> Work required: The pictures stay out; all of the data is to be printed exactly.

> Provided data:

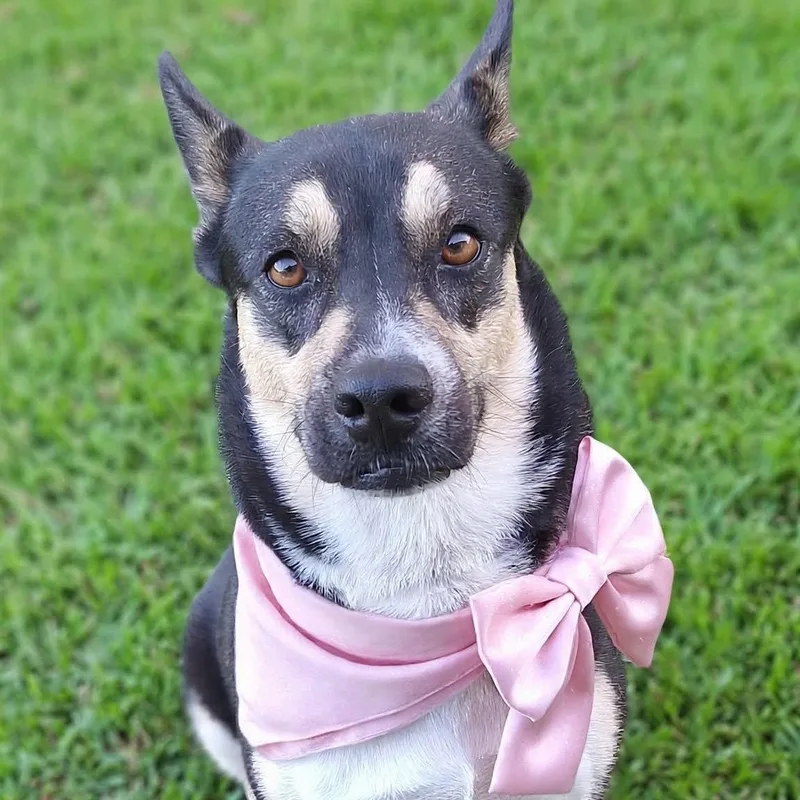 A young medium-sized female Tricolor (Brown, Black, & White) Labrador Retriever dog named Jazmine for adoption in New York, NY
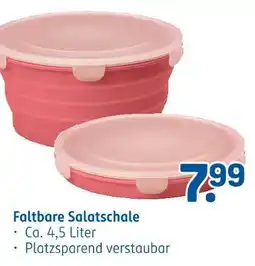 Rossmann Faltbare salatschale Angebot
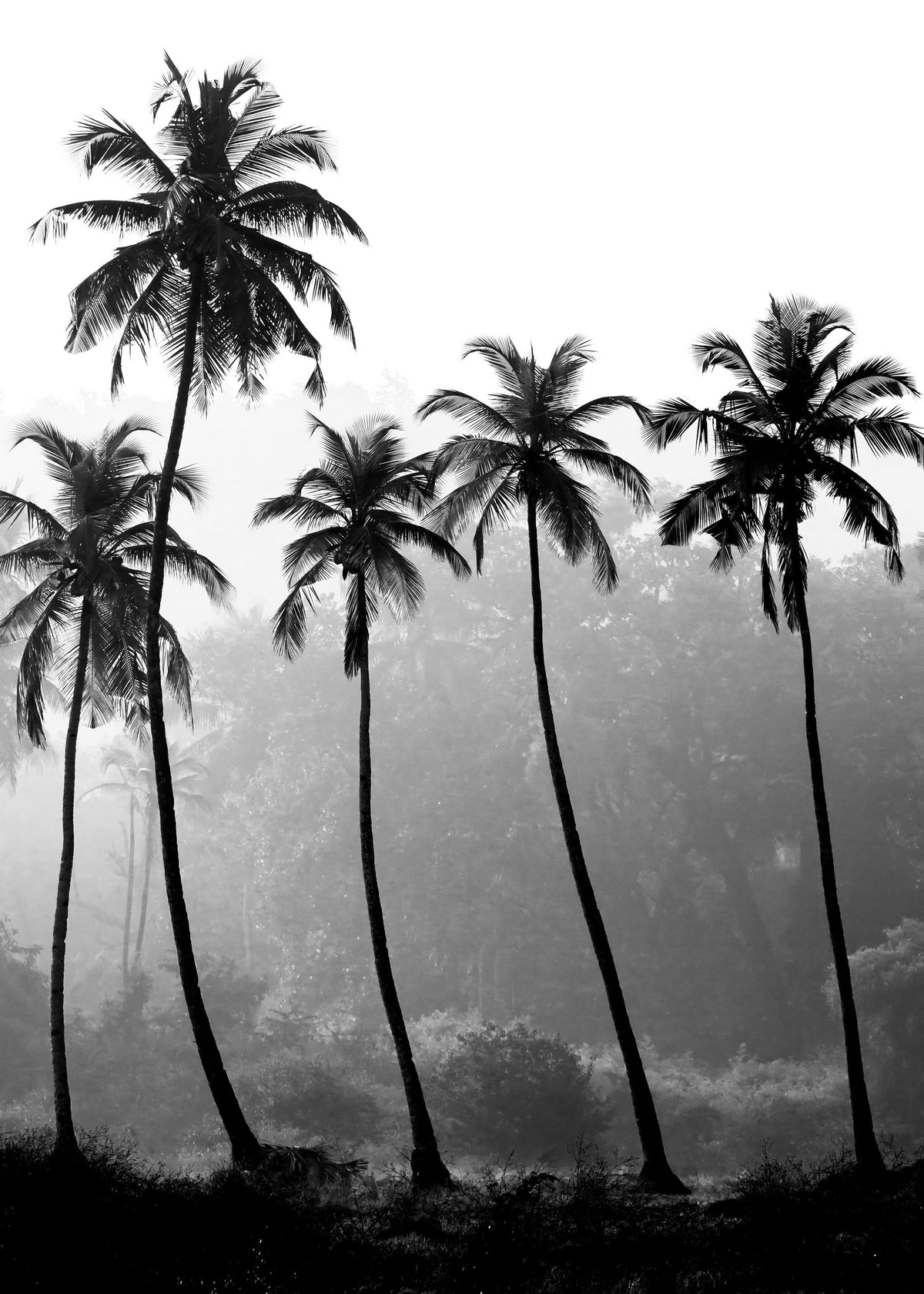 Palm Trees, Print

> Reply:
 A young medium-sized female Tricolor (Brown, Black, & White) Labrador Retriever dog named Jazmine for adoption in New York, NY
 Rossmann Faltbare salatschale Angebot
 Palm Trees, Print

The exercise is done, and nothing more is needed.